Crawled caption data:
************

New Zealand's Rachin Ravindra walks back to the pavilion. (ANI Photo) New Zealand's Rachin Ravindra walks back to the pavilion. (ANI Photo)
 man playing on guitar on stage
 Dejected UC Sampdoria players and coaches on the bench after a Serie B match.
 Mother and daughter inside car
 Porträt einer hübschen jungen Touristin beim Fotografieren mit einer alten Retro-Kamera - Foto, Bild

************

Prompt - Reproduce every record, matching each line exactly.

Worked solution -
New Zealand's Rachin Ravindra walks back to the pavilion. (ANI Photo) New Zealand's Rachin Ravindra walks back to the pavilion. (ANI Photo)
 man playing on guitar on stage
 Dejected UC Sampdoria players and coaches on the bench after a Serie B match.
 Mother and daughter inside car
 Porträt einer hübschen jungen Touristin beim Fotografieren mit einer alten Retro-Kamera - Foto, Bild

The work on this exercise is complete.